### TASK OBJECTIVE
No pictures belong in the copy. Restate the rest of the data exactly.

### SOURCE MATERIAL
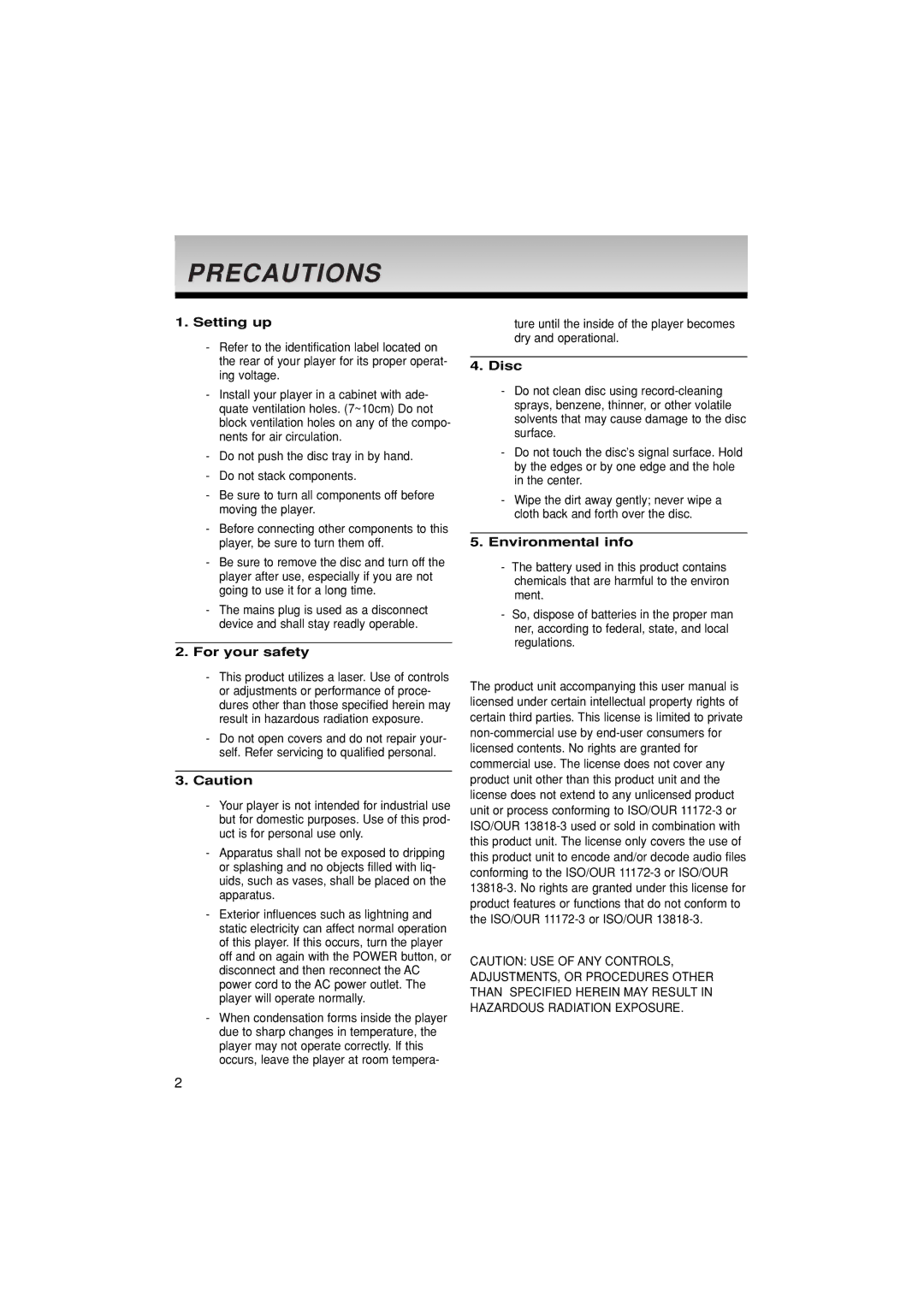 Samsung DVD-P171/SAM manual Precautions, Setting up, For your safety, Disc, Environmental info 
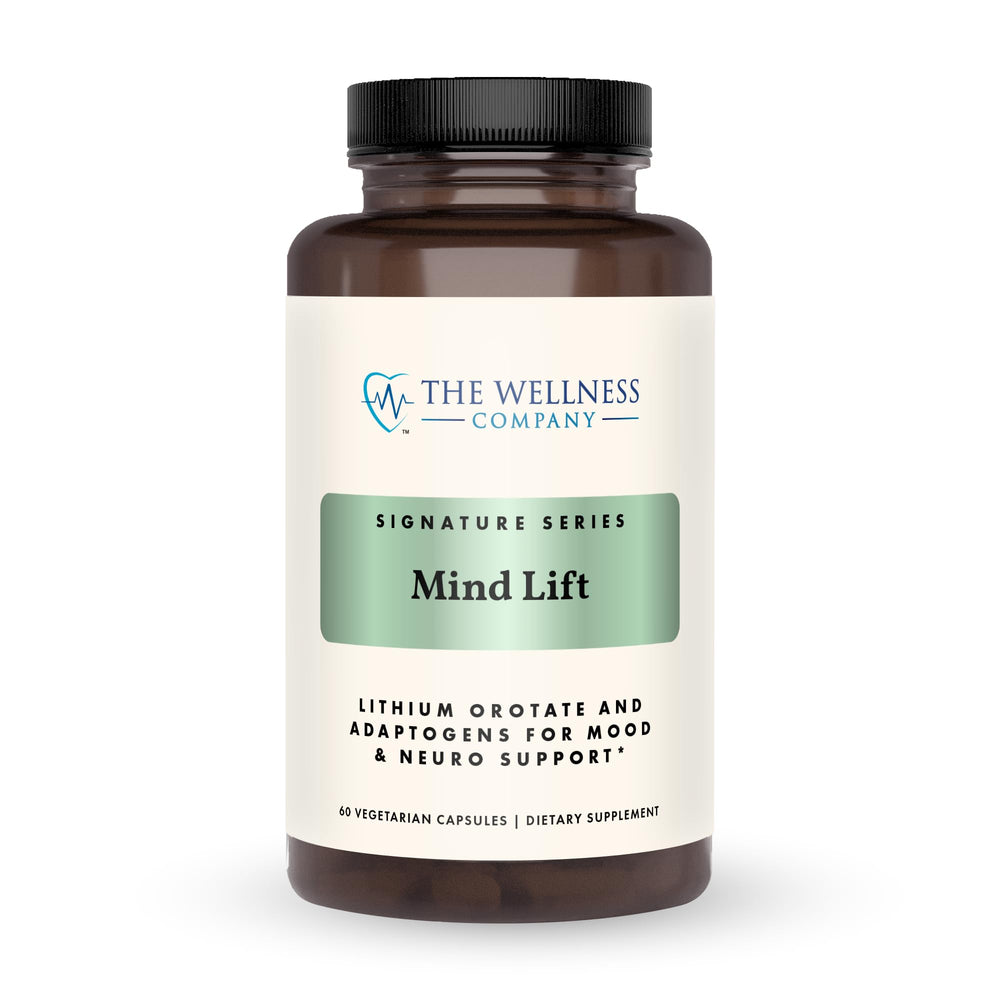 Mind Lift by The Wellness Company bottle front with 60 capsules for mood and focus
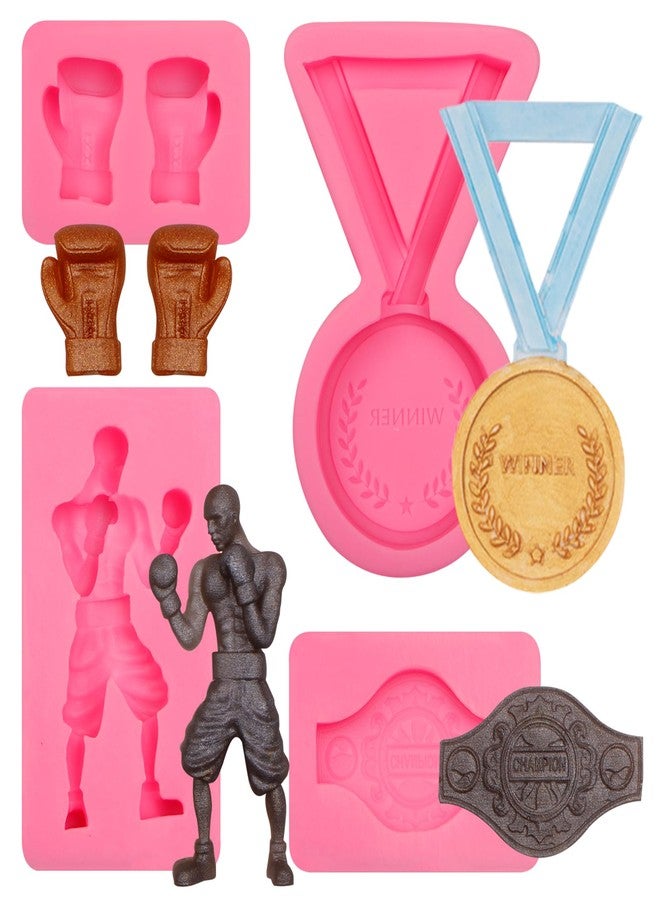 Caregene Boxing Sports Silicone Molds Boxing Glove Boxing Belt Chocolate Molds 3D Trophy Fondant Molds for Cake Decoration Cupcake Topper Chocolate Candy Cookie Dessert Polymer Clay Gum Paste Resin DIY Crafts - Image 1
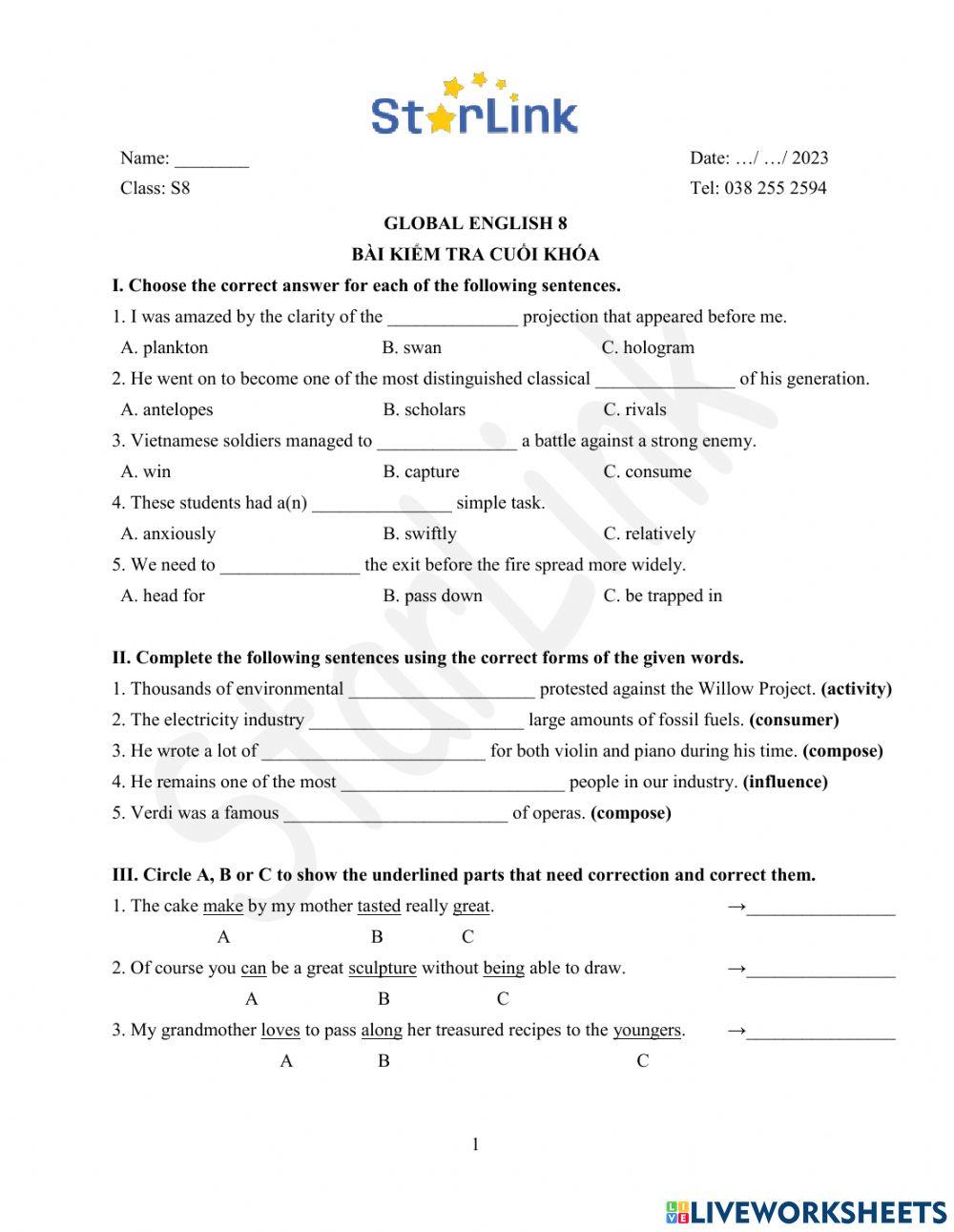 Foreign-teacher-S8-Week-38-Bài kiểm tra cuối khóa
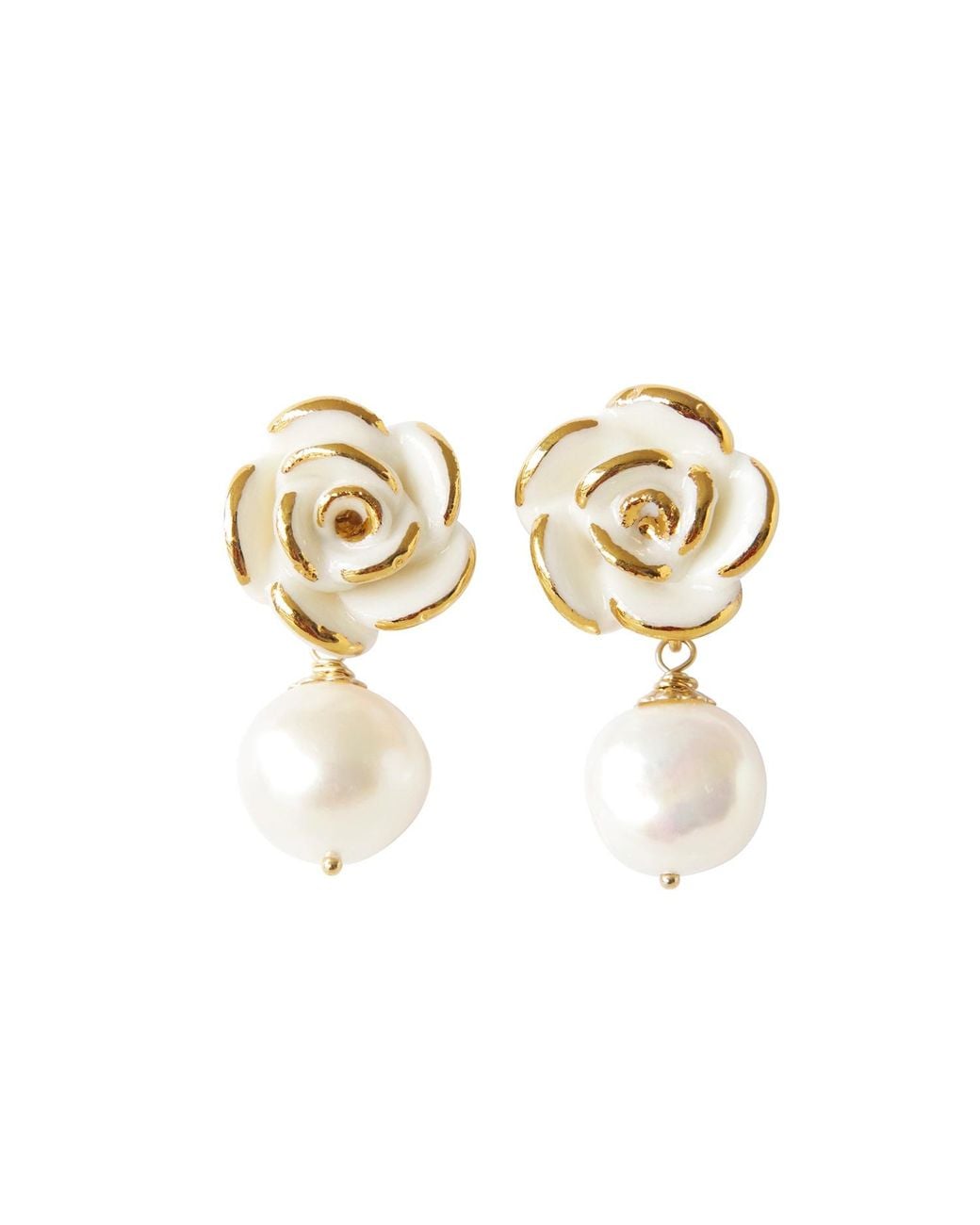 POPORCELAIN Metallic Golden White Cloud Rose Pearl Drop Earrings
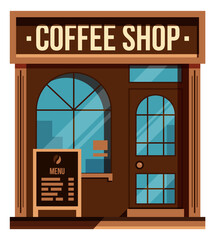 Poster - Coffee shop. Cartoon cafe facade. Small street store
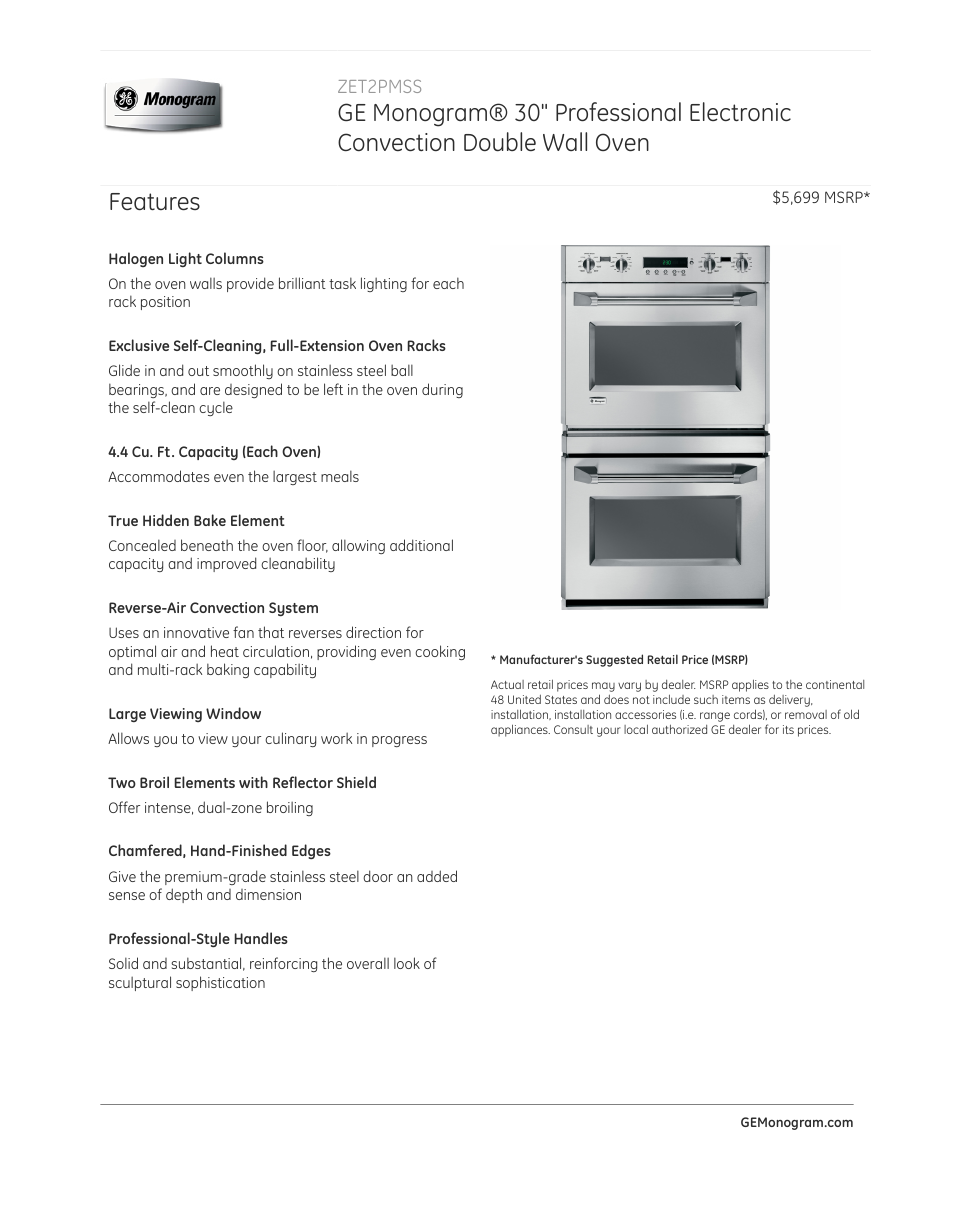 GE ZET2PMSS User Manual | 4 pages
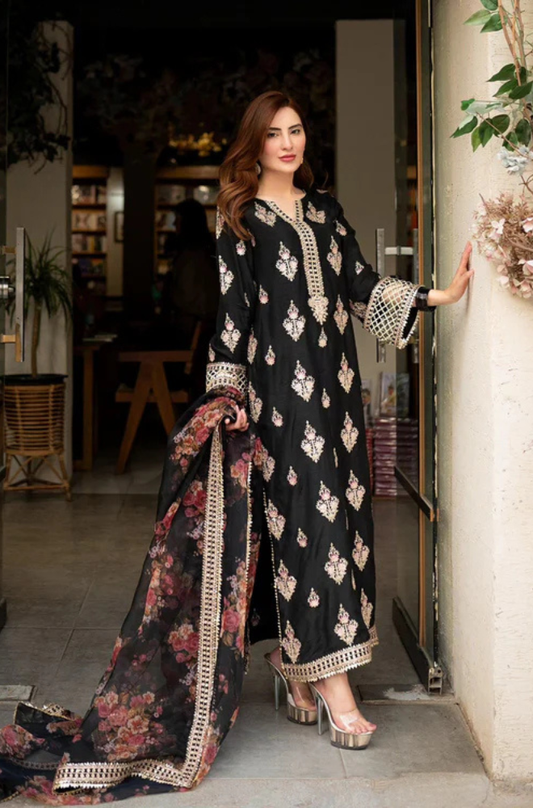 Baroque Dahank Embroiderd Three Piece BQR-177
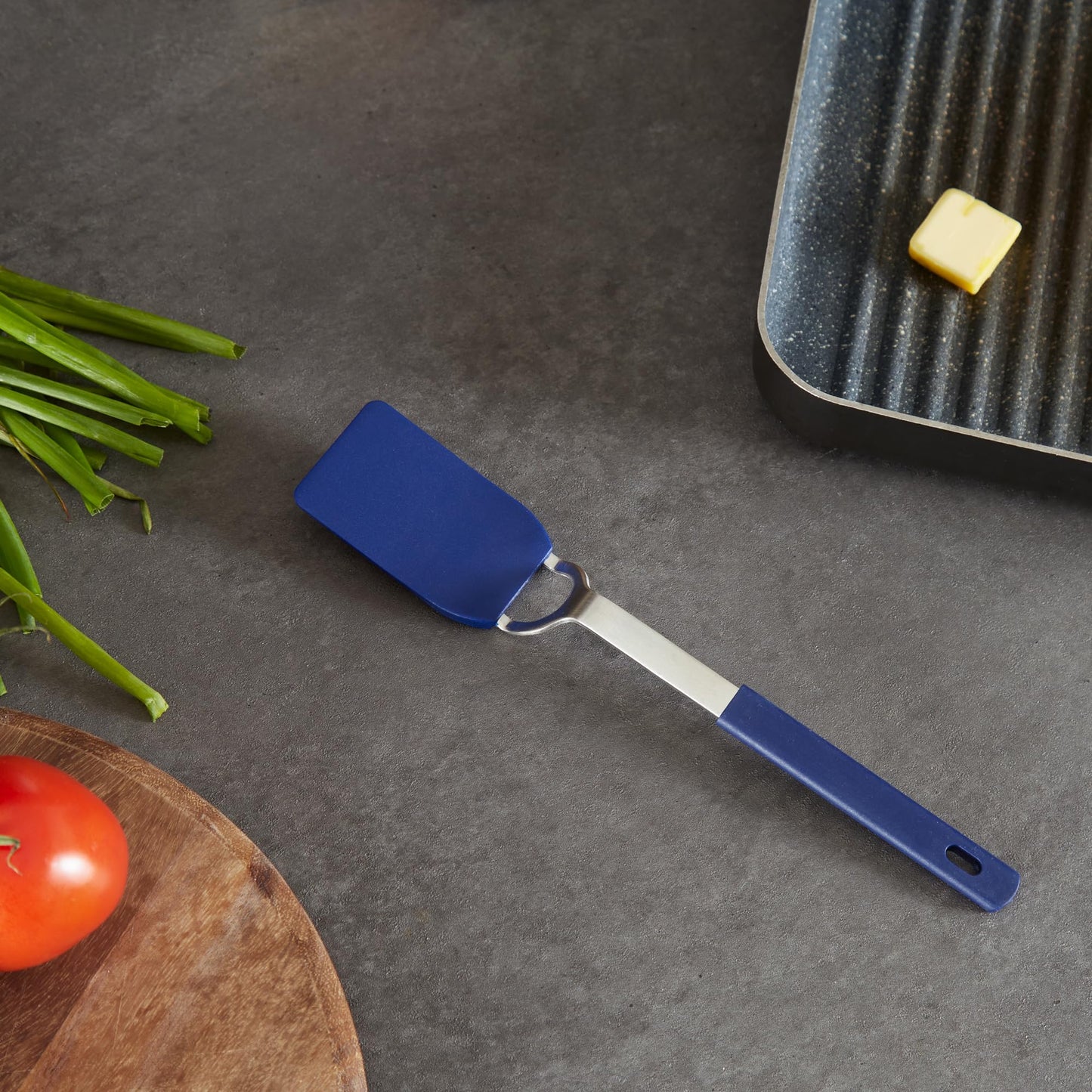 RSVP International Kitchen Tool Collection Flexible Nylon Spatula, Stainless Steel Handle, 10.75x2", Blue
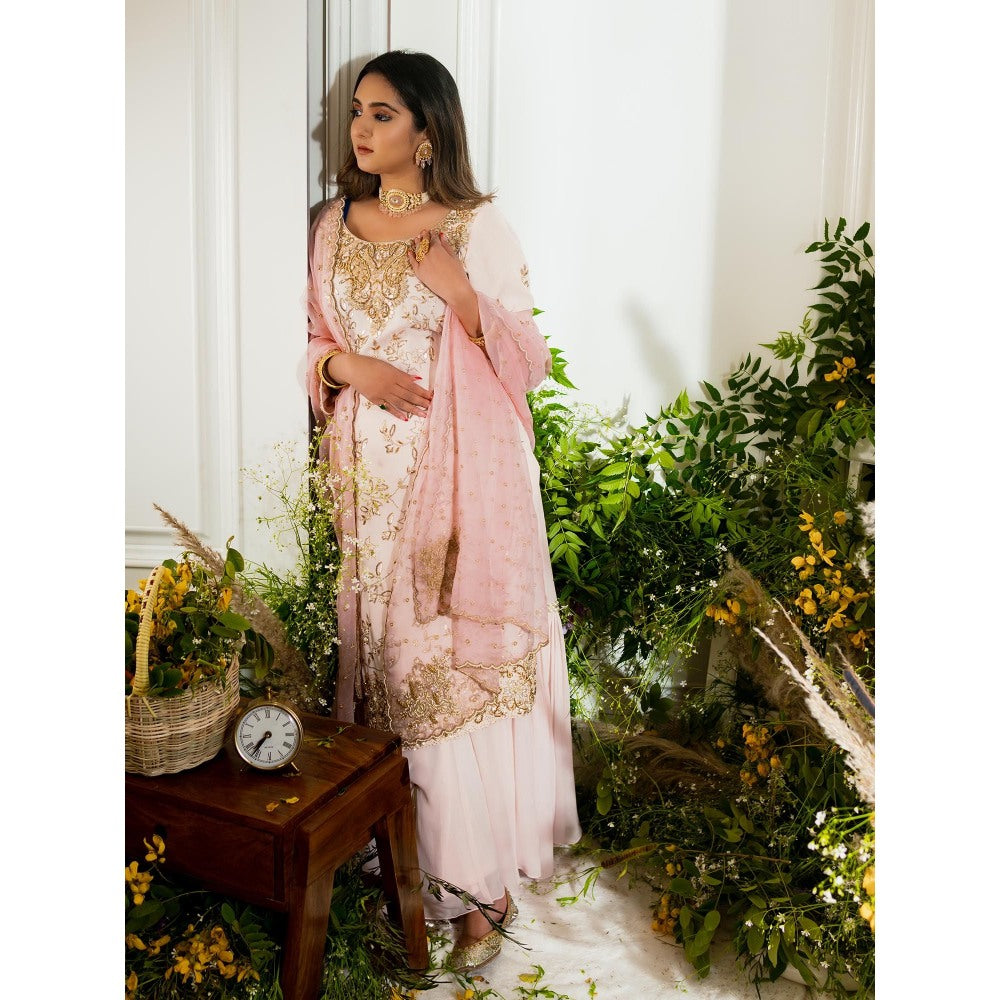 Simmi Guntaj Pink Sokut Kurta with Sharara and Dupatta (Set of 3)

### WRITTEN ANSWER
 Samsung DVD-P171/SAM manual Precautions, Setting up, For your safety, Disc, Environmental info 
 Mind Lift by The Wellness Company bottle front with 60 capsules for mood and focus
 Caregene Boxing Sports Silicone Molds Boxing Glove Boxing Belt Chocolate Molds 3D Trophy Fondant Molds for Cake Decoration Cupcake Topper Chocolate Candy Cookie Dessert Polymer Clay Gum Paste Resin DIY Crafts - Image 1
 Foreign-teacher-S8-Week-38-Bài kiểm tra cuối khóa
 POPORCELAIN Metallic Golden White Cloud Rose Pearl Drop Earrings
 Poster - Coffee shop. Cartoon cafe facade. Small street store
 GE ZET2PMSS User Manual | 4 pages
 Baroque Dahank Embroiderd Three Piece BQR-177
 RSVP International Kitchen Tool Collection Flexible Nylon Spatula, Stainless Steel Handle, 10.75x2", Blue
 Simmi Guntaj Pink Sokut Kurta with Sharara and Dupatta (Set of 3)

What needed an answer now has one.